Web Intents are a relatively new RPC-like mechanism enabling communication between web applications by passing data between a client -typically a web page but not only-, and services – web page, extension APIs, plug-ins, OS handlers, etc.- that know how to handle and process the respective data, sending back a result. The entire process is mediated by the User Agent, usually a browser, that lets the user decide which service to perform the action associated with the intent. Web Intents are similar to Android Intents, and was initially proposed by Google last year, being accepted as a draft document by W3C with the aim to be included in HTML.Next.
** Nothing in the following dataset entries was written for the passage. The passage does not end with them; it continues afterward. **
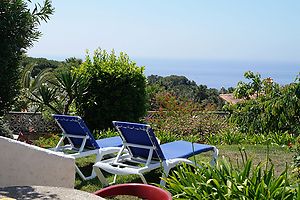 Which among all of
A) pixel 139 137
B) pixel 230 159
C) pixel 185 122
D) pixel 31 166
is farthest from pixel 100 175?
pixel 185 122

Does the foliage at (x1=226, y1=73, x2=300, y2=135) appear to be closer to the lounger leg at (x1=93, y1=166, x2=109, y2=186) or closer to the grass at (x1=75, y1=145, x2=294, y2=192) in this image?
the grass at (x1=75, y1=145, x2=294, y2=192)

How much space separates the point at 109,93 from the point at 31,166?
614 centimetres

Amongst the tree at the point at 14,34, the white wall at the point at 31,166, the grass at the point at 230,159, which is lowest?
the grass at the point at 230,159

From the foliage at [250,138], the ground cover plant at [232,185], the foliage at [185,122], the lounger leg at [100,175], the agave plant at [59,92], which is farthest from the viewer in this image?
the foliage at [185,122]

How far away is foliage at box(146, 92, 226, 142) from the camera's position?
1252 cm

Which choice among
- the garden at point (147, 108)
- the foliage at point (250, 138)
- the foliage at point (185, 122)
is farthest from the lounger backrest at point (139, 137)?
the foliage at point (250, 138)

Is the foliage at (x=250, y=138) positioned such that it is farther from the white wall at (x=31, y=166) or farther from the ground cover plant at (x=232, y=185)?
the ground cover plant at (x=232, y=185)

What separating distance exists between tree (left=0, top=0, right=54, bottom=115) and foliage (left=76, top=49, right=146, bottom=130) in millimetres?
4059

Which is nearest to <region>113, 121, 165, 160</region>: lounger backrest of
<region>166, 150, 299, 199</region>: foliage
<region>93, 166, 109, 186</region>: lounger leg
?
<region>93, 166, 109, 186</region>: lounger leg

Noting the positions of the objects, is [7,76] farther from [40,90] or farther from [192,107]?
[192,107]

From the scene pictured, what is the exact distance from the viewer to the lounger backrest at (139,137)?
681 cm

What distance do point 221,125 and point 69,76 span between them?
14.9 ft

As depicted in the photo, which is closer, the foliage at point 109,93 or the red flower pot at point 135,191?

Google has been the first to implement Web Intents in Google Chrome, an experimental version being included in the recently released Chrome 19. To be able to use intents, a client needs to declare one, using the <intent> tag, specifying the action to be performed and the type of data that needs to be processed, as show in the following snippet:

<intent    action="http://webintents.org/share"    type="image/*" />

The client should also include intent invocation code, which for a web page looks like this:

var intent = new Intent(      "http://webintents.org/share",      "image/*",      "http://example.com/image.png"  ); window.navigator.startActivity(intent);

When the intent is invoked, the User Agent will ask the user to select a service from a list of known services, passing the data (in this case “image.png”) to the selected service which will process it and possibly return a result back. For the moment, intent services need to be registered as Chrome extensions via the Chrome Web Store, but in the future other solutions may be available. The W3C draft also mentions Explicit Intents, an option for the client to specify which service wants to use, the User Agent having the option to inform or not the user on using the respective service. This option is useful when the web app author wants to employ a certain service.

Currently, the following actions are available for intents: share, view, edit, save, pick, and subscribe. Developers can create their own actions if these are not enough.

Web Intents represent the next logical step beyond mashups. Instead of just aggregating data from multiple sources, Web Intents enables data processing by various services belonging to different entities. Possible use cases are: integrating third party search results, editing images, authenticating logins, and others. webintents.org, a website with related resources, provides a number of demos including a Twitter poster and a URL shortener.

Since Google has committed their code to WebKit, it is expected that Safari will include Web Intents in a future version. Firefox has also started work on intents, a Firefox bug being opened and quite active. Mozilla has decided to prototype the intents in Gaia, moving them to Gecko when they are stable. We are not aware of Microsoft’s plans on Web Intents.

Website owners do not need to wait until all major browsers will support Web Intents, they being able to use a JavaScript shim library which will automatically defer to the browser implementation when done.